An interesting not I had to figure out... the show "Deal or No Deal" that's on these days, eliminates this problem entirely because no one involved knows what's in each case...

Right, I watched it once. The host doesn't do any choosing, I believe. There are about 20 cases, all with dollar amounts ranging from one cent to a million dollars. The contestant does all the choosing, and one by one they reveal cases and eliminate them. Periodically a "banker" will offer the player a sum of money to walk away from the game. As far as I could tell this sum was always somewhere below the expected value of the player's winnings based on the cases remaining. However, it might still be more than the player would likely make if they went down to the last case.

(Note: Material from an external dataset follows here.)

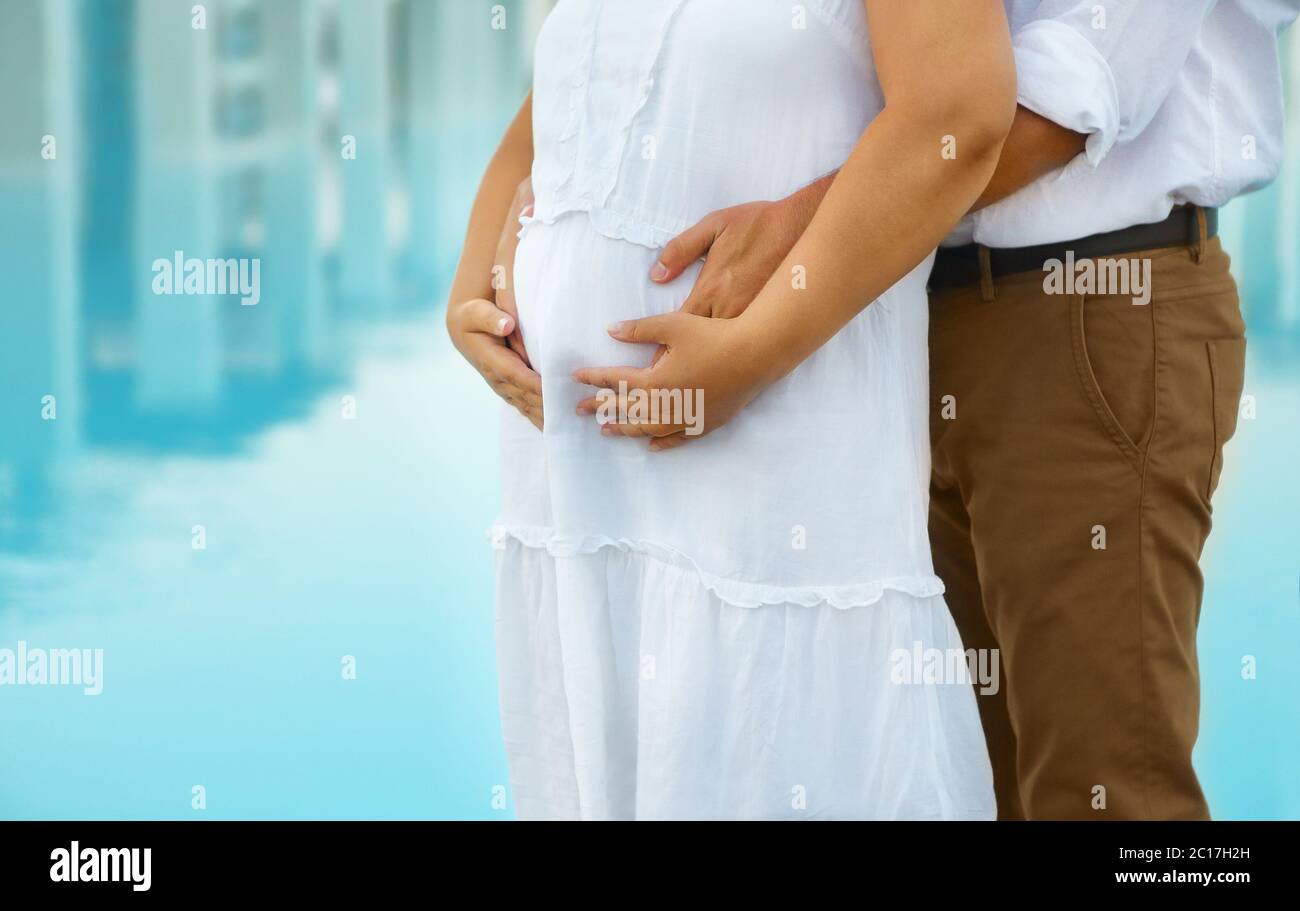 Man and young pregnant woman hugging outdoors Stock Photo - Alamy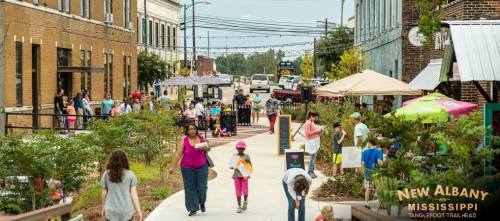 A lively street scene in New Albany, Mississippi, with people walking, shopping, and enjoying the outdoors.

For example, if the cases left had 1000000, 100, and 1 dollars in them, the expected value of the contestant's winnings is (1000000+100+1)/3 = 333367 dollars. The "banker" might offer 200000 for the contestant to walk away from the game. This is less than when the contestant would make by opening the cases on average, and yet 2/3 of the time the contestant would make far less than that by opening cases. So it would seem smart to take the banker's offer.

Yes, and no, it's a little more compicated because you have to open a set number of cases each time... so it's still adventagious to play if you can improve his offer. It IS always less than the expected value.

Also, every time I've seen it get down to the final two cases, the host has offered to let the contestant switch cases... which is totally pointless, but adds drama

[Faramond]

An interesting not I had to figure out... the show "Deal or No Deal" that's on these days, eliminates this problem entirely because no one involved knows what's in each case...

Right, I watched it once. The host doesn't do any choosing, I believe. There are about 20 cases, all with dollar amounts ranging from one cent to a million dollars. The contestant does all the choosing, and one by one they reveal cases and eliminate them. Periodically a "banker" will offer the player a sum of money to walk away from the game. As far as I could tell this sum was always somewhere below the expected value of the player's winnings based on the cases remaining. However, it might still be more than the player would likely make if they went down to the last case.

For example, if the cases left had 1000000, 100, and 1 dollars in them, the expected value of the contestant's winnings is (1000000+100+1)/3 = 333367 dollars. The "banker" might offer 200000 for the contestant to walk away from the game. This is less than when the contestant would make by opening the cases on average, and yet 2/3 of the time the contestant would make far less than that by opening cases. So it would seem smart to take the banker's offer.

Yes, and no, it's a little more compicated because you have to open a set number of cases each time... so it's still adventagious to play if you can improve his offer. It IS always less than the expected value.

Also, every time I've seen it get down to the final two cases, the host has offered to let the contestant switch cases... which is totally pointless, but adds drama

I agree, there are cases where it's advantageous to keep playing.

In fact, to really analyze how one should play this game, you have to know how much each value each dollar amount has to the player. To give an extreme example, if the player has to get a million dollars for an operation to save his life, then it's never wise to take the banker's offer.

Do people usually switch at the end, or stay put?